Dr. Germano: Well, there are many advantages for the patient. I think that—as shown throughout the literature we have published and other centers have published—the cure rate of brain metastasis, spine metastasis with a single fraction or one to five fractions is much higher than when you use external beam radiation. In addition, to have a superior outcome, there is also the aspect for the patient of whether or not that is practical. It’s much easier for a patient to come in only once and have that one treatment than come in five or ten times for conventional treatment.

This is why I think many more hospitals include SRS and SBRT as part of their options. I’ve been part of the team here since 2015, and I can tell you that over the past seven years, I’ve noticed that there has been a growth in hospitals, even small hospitals, that now provide SBRT and SRS as part of their portfolio just because of what we were discussing—because they need to ensure that the patient needs are fulfilled. The patients now are very well educated, and they know what gives the best outcome, and they also care about the practicalities of the treatment.

Joanne: So, actually, you mentioned being part of the Novalis Circle Expert Group. I wanted to dig into that a little bit more. What is your role within Novalis Circle, and why should a medical institution consider becoming Novalis certified?

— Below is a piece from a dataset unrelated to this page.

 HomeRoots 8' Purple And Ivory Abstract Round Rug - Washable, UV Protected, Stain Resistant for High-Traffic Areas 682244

Dr. Germano: So the concept of the certification, again, if we go back to the comparison with aviation is because we, the people that are endorsing this field, really feel strongly about the safety aspect and the staying up-to-date aspect. So, we felt that if we established a community, a peer-reviewed community that can provide some guidance, some input, it would make the centers feel more comfortable. And perhaps there is also some, you know, strength that is gained by the review. The review is one day onsite and then remote, and there are some comments that are given to each center.

Those comments can really help the center reach the next level or realize that perhaps there has been a slight change in the way in which things have been done over the past three years or so. So, I think that it could really be beneficial for the entire community because ultimately, what we want with SBRT and SRS is to give the best possible treatments to all patients. To me, it doesn’t matter if it’s in my center or in another center, as long as we all feel that the goal is to do the best we can.

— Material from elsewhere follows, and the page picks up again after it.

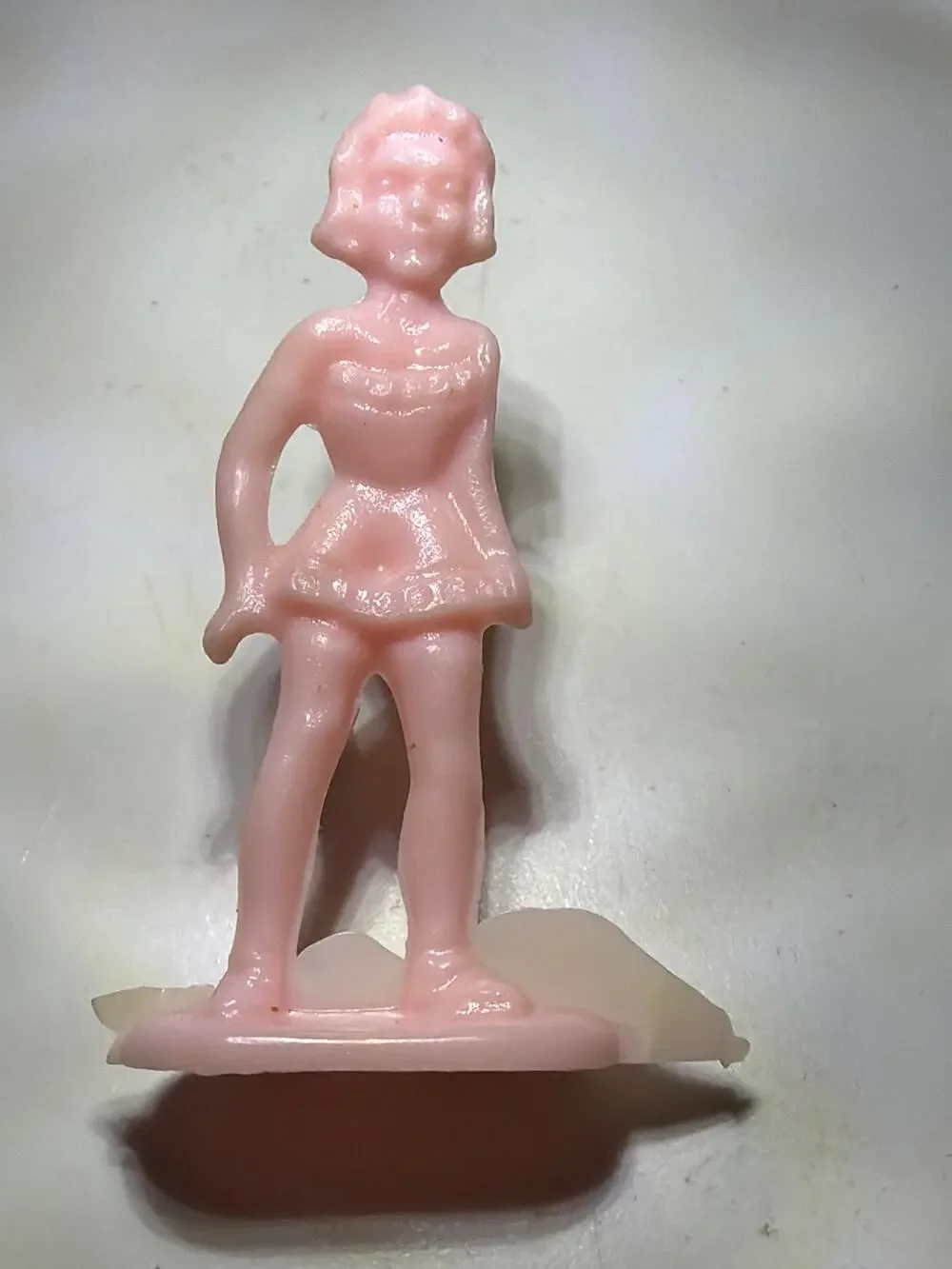 Vintage Pink Plastic Majorette Baton Twirler Girl Figurine Cake Topper Miniature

Joanne: So, it’s all about kind of moving toward the future, which actually leads me to my last question. Looking back, what are some of the major things that you’ve seen change in the field of neurosurgery and radiosurgery in the last three to five years? And what do you hope to see more of in the future?

Dr. Germano: So, the software has been improving over the years, and the version that we have now it’s clearly much more superior than it used to be two or three years ago—for instance, the possibility of fusing multiple images and the possibility of treating multiple metastases with just one isocenter. I mean, all those are updates and upgrades that the community and industry have been working hand in hand to provide us with, so that ultimately also results in faster and safer treatments.

I think that as we move toward the future, we will see more of those improvements along the lines of software, and really making this even simpler for people that are starting on the learning curve. So, just to go back again to five years ago, or seven years ago, whatever you want. I think that at that time, the centers that were starting really had a pretty steep part of the learning curve. Now that we established a community, now that the software is faster and a little bit more intuitive, I think that that steep part of the learning curve could be much shorter.

Joanne: That sounds really promising and provides a good future outlook. In any case, those were all of my questions for you today. So again, thank you so much for taking the time out of your busy schedule to do this interview and inform everybody and explain SRS and SBRT a little bit more.